Since the last time I posted herein, a lot has happened in the Baskind household. My oldest daughter is learning to drive, and my youngest has begun private tutoring in preparation for her upcoming bat mitzvah; both are doing extremely well, which surprises no one. We've installed a new water heater and replaced two ancient toilets (circa 1976) with shiny, new, high-efficiency flush-u-lators. We struggled through a very hot summer with no air conditioning, save for a small window unit, which - I swear by all that is holy - has been my salvation, keeping my ladies from killing me in my sleep for the insurance money to buy a new heat pump. (Karen, if you're reading this, I just want to say that I would understand; just make sure I get that Viking funeral I want.)
Unfortunately, something very sad has also happened. Last month, Karen's mother passed away very suddenly and unexpectedly. Now, I have never made secret the fact that Karen's parents are not my favorite people - but this is not about me. Not even a little. This is about Karen. Amazing, beautiful, wonderful, strong, upstanding, magnanimous, amazing Karen. (Yes, "amazing" warrants double billing.)
I suppose I never really stopped to take stock of what Karen's mom meant to her. The dynamic of their relationship is uncommon, if not unique. Virginia was, after all, Karen's mother - she raised her, fed her, dressed her, played with her, did her hair - all of the things a mom does. But, in many respects, Karen was the "adult" in the relationship from a very early age. Virginia lost her hearing at age 2, and Karen became her ears as at a young age. In fact, Karen grew to be Virginia's guardian in many ways. When Karen's dad was at work and the Kirby salesmen came to the door, Karen was the one who had to shoo them away, as her mom didn't really understand the implied obligations of allowing them into the house. Karen understood, better than her mother, that they certainly did not have the money for such an expensive machine. And don't even get Karen started on the church groups she had to keep at bay. Every minister and preacher within a hundred miles believed they could "heal" Virginia's deafness at one point or another. The Jehovah's Witnesses would send out "deaf squads" to recruit all of the poor deaf souls in the area, bible-thumping mobs with just enough rudimentary sign language skill to persuade the hearing-impaired that they should follow them home to salvation.

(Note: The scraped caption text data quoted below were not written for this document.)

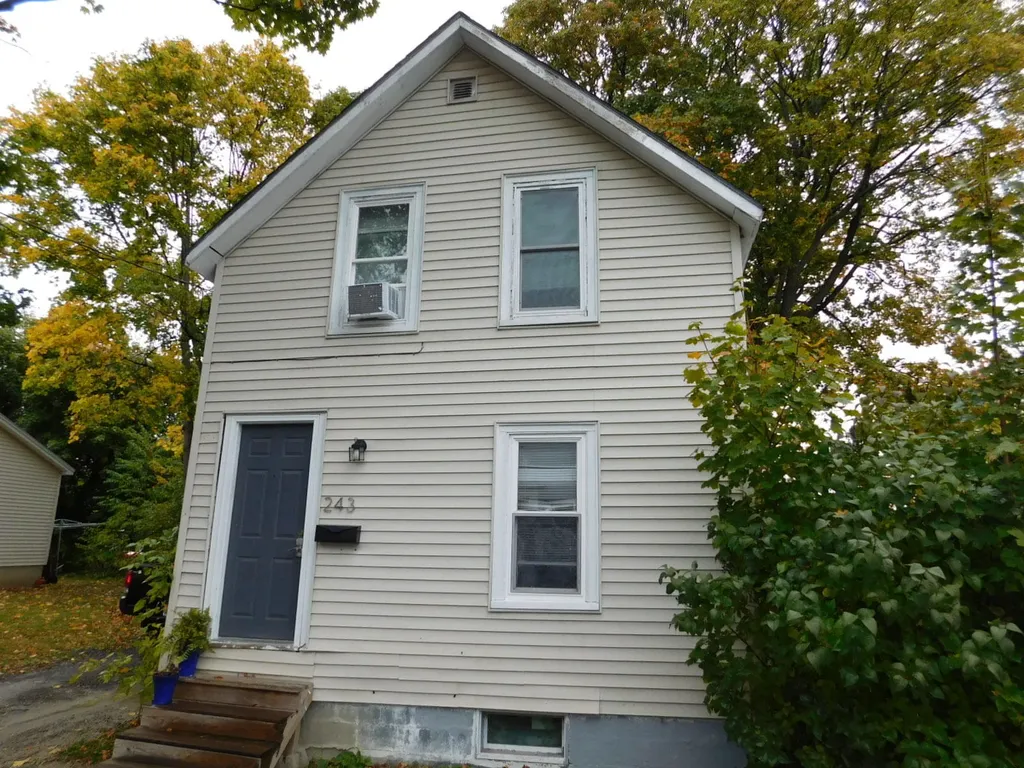 243 Pearl Street Bangor ME 04401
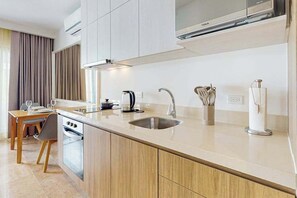 Fridge, microwave, oven, stovetop - 1BR Condo | Rooftop Pool & Gym | Playa (Playa del Carmen)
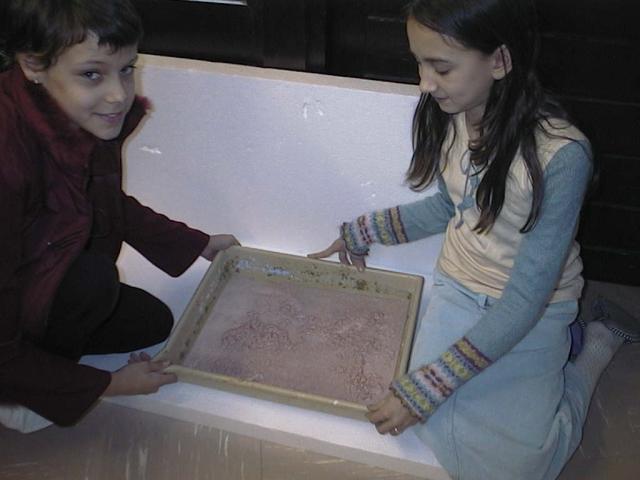 kasa_papir.JPG (32197 bytes)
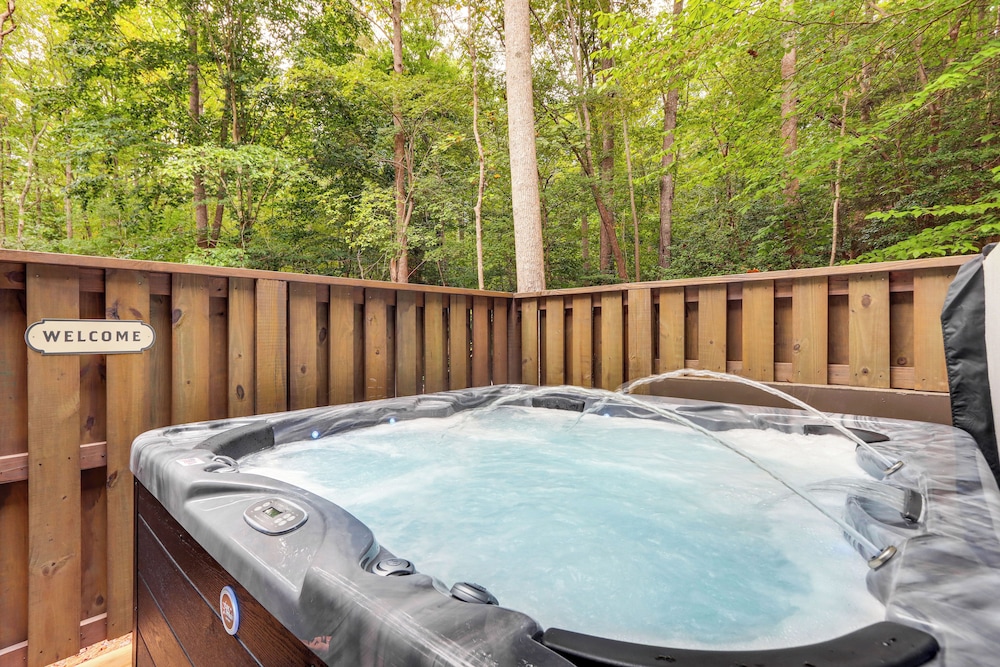 Ellijay Resort Home w Hot Tub & Fire Pit - photo 22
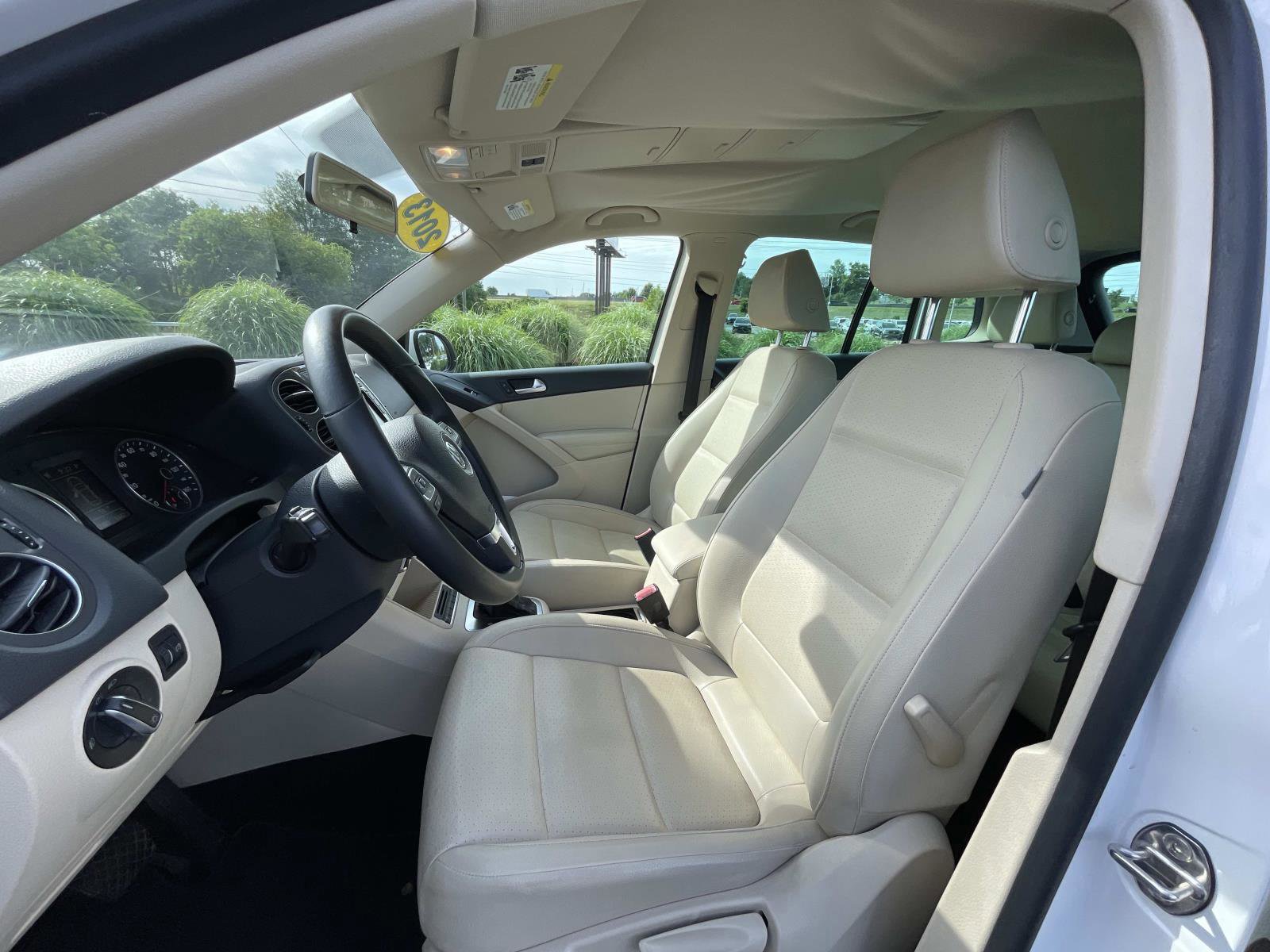 Used 2013 Volkswagen Tiguan SE FWD image 16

No, deaf people aren't stupid, but many have a lot of "social atrophy" that is directly associated with their deafness. This is especially true of deaf folks from older generations and/or rural areas, who are often treated as if they are to be coddled and pitied instead of educated and encouraged. These deaf people are often regarded as if their lack of hearing is akin to retardation or mental illness. This was the case with Virginia. Her uber-religious family loved her, but they never gave her credit for being smart. (She was.) They CERTAINLY never wanted to let her go off and marry. (She did.) And they never, ever forgave Karen's dad for "taking her away."
This is just one of the special in-fighting situations that I was certain would make Virginia's funeral such a powder keg. And, when it came time for the viewing, let me tell you, I went into full-on "secret service mode". I circled the room constantly, looking for any hint of a confrontation, always coming back to Karen and the girls to make sure they were OK. I listened for stern voices and argumentative phraseology; I sniffed around to see who was drunk or stoned, so I could pay special attention to them. I quickly located people I knew I could count on to help me "restore order" if any actual fisticuffs broke out; there were a couple of cousins, maybe an uncle or two - I kept constant tabs on where they were, in case I needed them.
I believe there are two main reasons that nothing bad occurred. First of all, despite my general distrust of basic human nature, people were being just plain nice. No, the old rivalries and hostilities have not gone away, but hey were set aside, impressively. I did not see that coming, because I failed to take into account that these people, too, were grieving. I was so worried about my own ladies that I forgot that practically everyone in the room had lost a sister, cousin, aunt, childhood friend, coworker, or even perhaps a personal inspiration. People talked about Virginia as though she had fought insurmountable odds to attain a successful life. Funerals always exalt the dead disproportionately, and that day was no exception. People celebrated Virginia's life, as a vehicle for dealing with her death. As it should be.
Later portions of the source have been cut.